[[ Working data open ]]

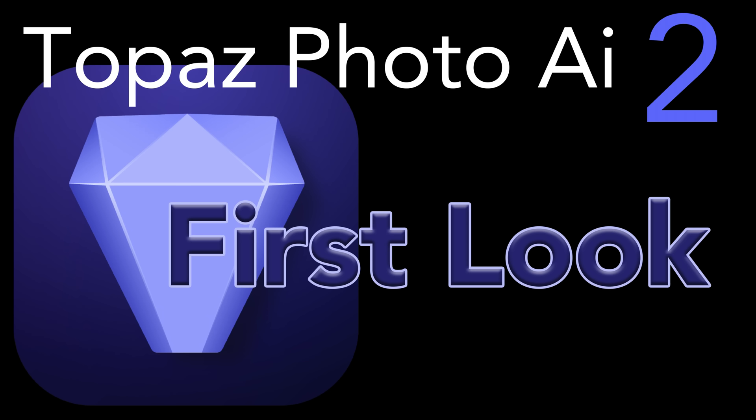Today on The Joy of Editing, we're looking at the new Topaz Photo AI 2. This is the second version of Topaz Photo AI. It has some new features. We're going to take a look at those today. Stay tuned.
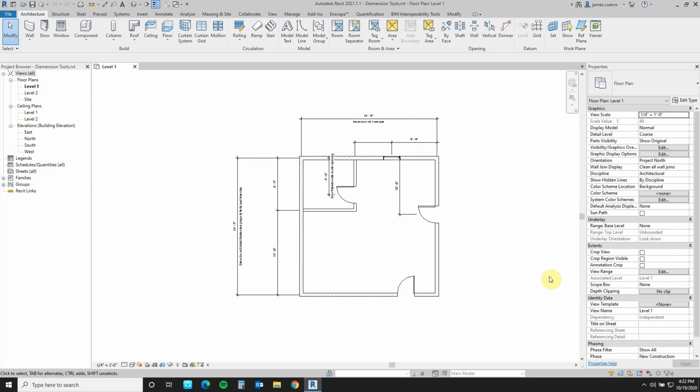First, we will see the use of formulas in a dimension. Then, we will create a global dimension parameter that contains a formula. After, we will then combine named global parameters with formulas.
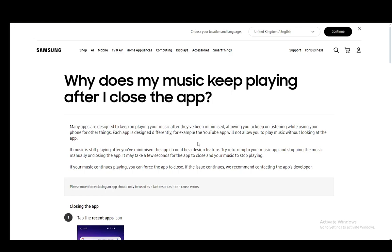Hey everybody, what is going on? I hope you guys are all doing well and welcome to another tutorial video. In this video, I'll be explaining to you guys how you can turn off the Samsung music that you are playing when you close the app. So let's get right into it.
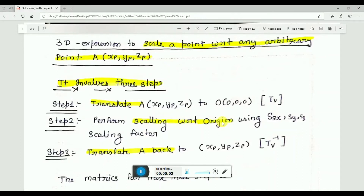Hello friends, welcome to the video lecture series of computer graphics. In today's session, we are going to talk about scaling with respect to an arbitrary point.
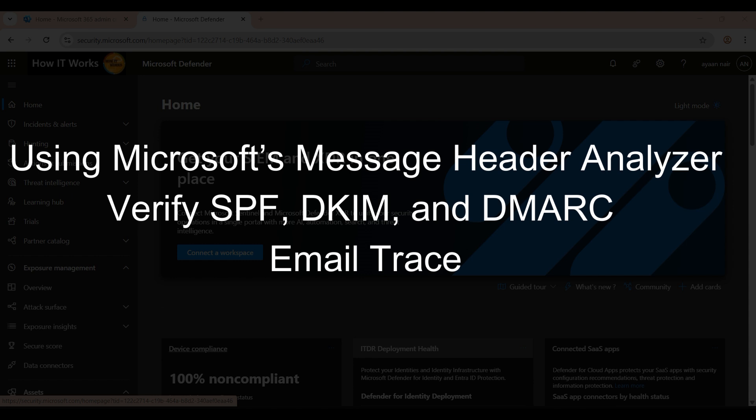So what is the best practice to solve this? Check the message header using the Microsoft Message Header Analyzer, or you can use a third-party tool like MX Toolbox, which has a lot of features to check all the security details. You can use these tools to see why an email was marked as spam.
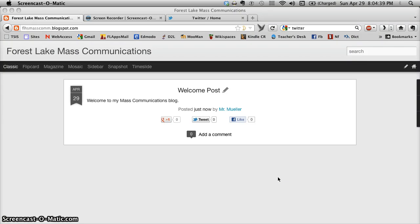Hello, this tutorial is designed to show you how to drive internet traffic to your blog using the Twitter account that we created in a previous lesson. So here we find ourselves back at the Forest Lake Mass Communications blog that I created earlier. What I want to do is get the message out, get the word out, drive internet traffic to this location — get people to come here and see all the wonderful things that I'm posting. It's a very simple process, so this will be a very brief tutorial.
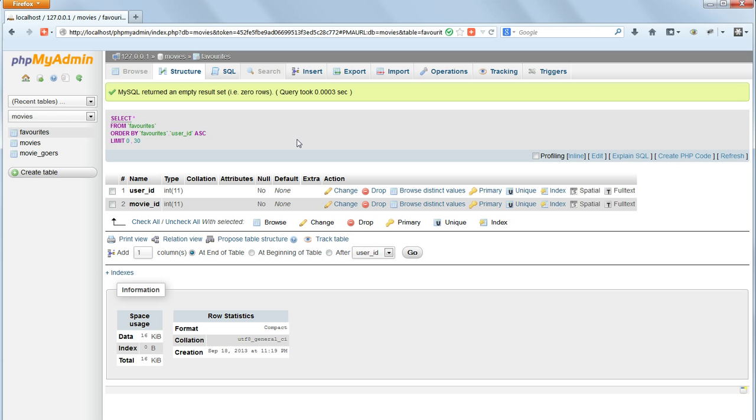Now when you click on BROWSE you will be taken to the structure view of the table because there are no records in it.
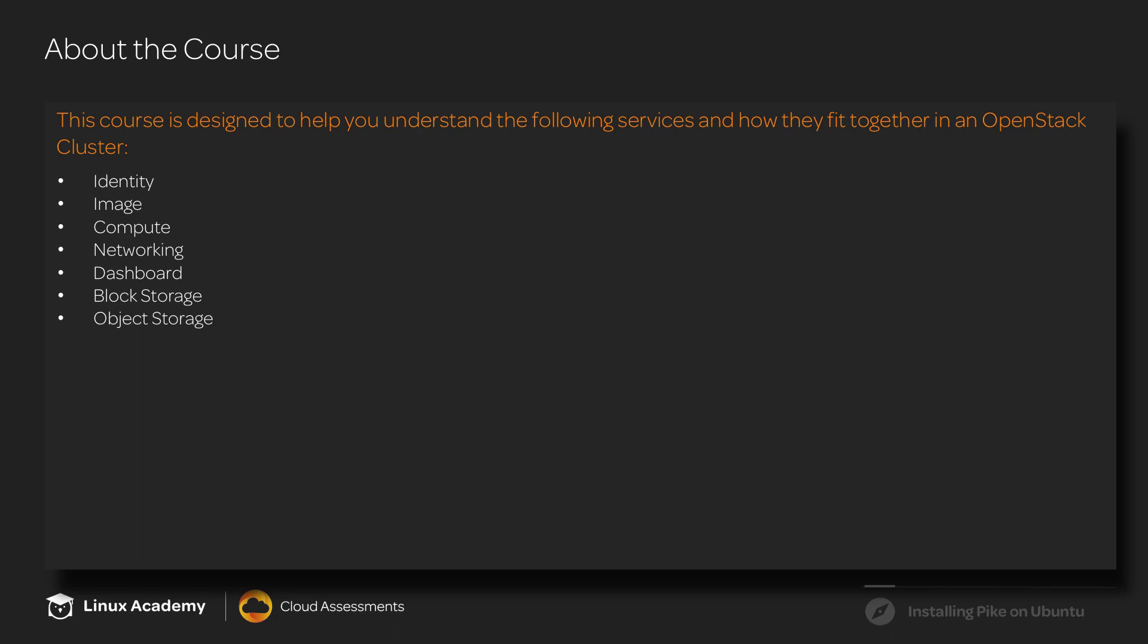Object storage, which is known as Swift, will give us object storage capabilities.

[[ Working data closed ]]

Task requirements — From the line containing "So what is the" down to the last line of the entries above, copy each line exactly and nothing more. Leave pictures out.

Answer to this problem —
So what is the best practice to solve this? Check the message header using the Microsoft Message Header Analyzer, or you can use a third-party tool like MX Toolbox, which has a lot of features to check all the security details. You can use these tools to see why an email was marked as spam.
Hello, this tutorial is designed to show you how to drive internet traffic to your blog using the Twitter account that we created in a previous lesson. So here we find ourselves back at the Forest Lake Mass Communications blog that I created earlier. What I want to do is get the message out, get the word out, drive internet traffic to this location — get people to come here and see all the wonderful things that I'm posting. It's a very simple process, so this will be a very brief tutorial.
Now when you click on BROWSE you will be taken to the structure view of the table because there are no records in it.
Object storage, which is known as Swift, will give us object storage capabilities.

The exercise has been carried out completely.